Multiplier 1 can multiply together any two modulation sources, whether they are polyphonic or monophonic. Multiplier 2 can multiply together any two monophonic sources. For example, the M2 unit can multiply pitch bend by an LFO. Then the M2 source provides an LFO modulation source whose amount of modulation may be controlled by pitch bend.

Each multiplier panel has the following controls:

A

Selects the source A, which may be any polyphonic or monophonic source listed in the above tables. In addition, pitch tracking is available as a source; pitch tracking has a value between 0 and 1, with center pitch taken from the global pitch control panel.

To reduce CPU usage slightly, select the FIX source.

B

Selects the source B, same as for source A.

Exp

Each source may be exponentiated by turning on its respective exp button. An exponentiated source is simply the source value multiplied by itself (squared). Exponentiation is performed after scaling (by the scale factor) but before the two sources are multiplied together. If you just wish to exponentiate one source and not multiply it by another source value, then turn on exp for one source and select FIX for the other source.

Scale

Source A and source B may each be scaled by any factor. (Of course if neither A nor B is exponentiated, then the output is simply A*B*Ascale*Bscale).

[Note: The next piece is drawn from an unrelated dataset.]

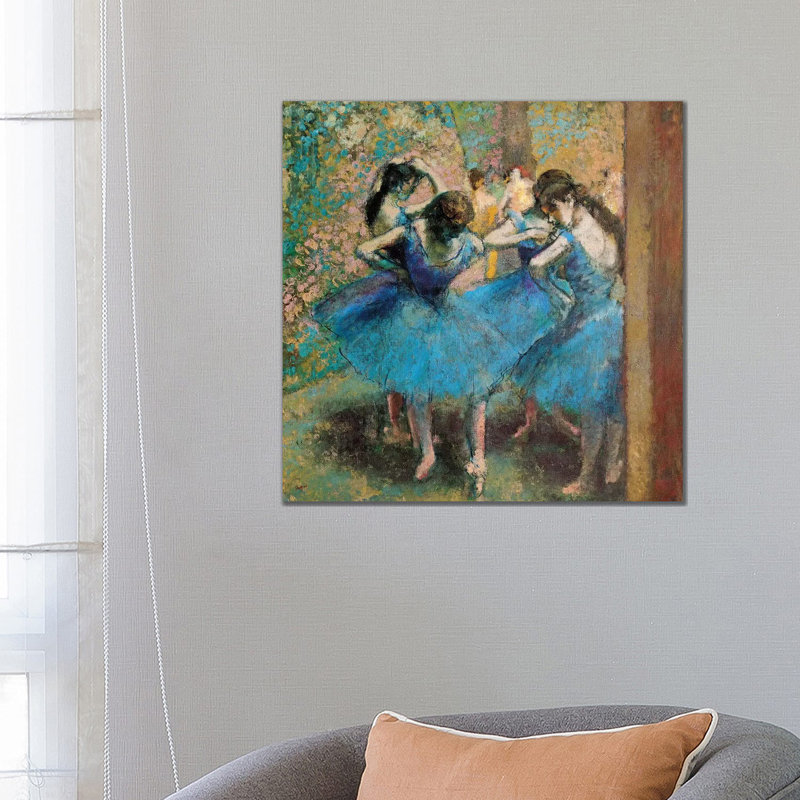 Dancers In Blue, 1890 by Edgar Degas - Floater Frame Painting on Canvas, 66.04 cm H x 66.04 cm W x 1.91 cm D, No Frame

Note: Be careful if using the matrix multiplier with the Osc3 contour or osc3 sync sources, because it is possible to set up an infinite loop that will crash Reaktor. For example, if a multiplier source is set as O3C, and one of the osc3 contour modulation sources is the matrix multiplier itself, then the events loop infinitely between the multiplier and O3C. (If you're concerned about this, you can delete the connection to O3C and O3S from the matrix multiplier's source connections, but sometimes this routing may be useful, so the connection is left in the current instrument structure).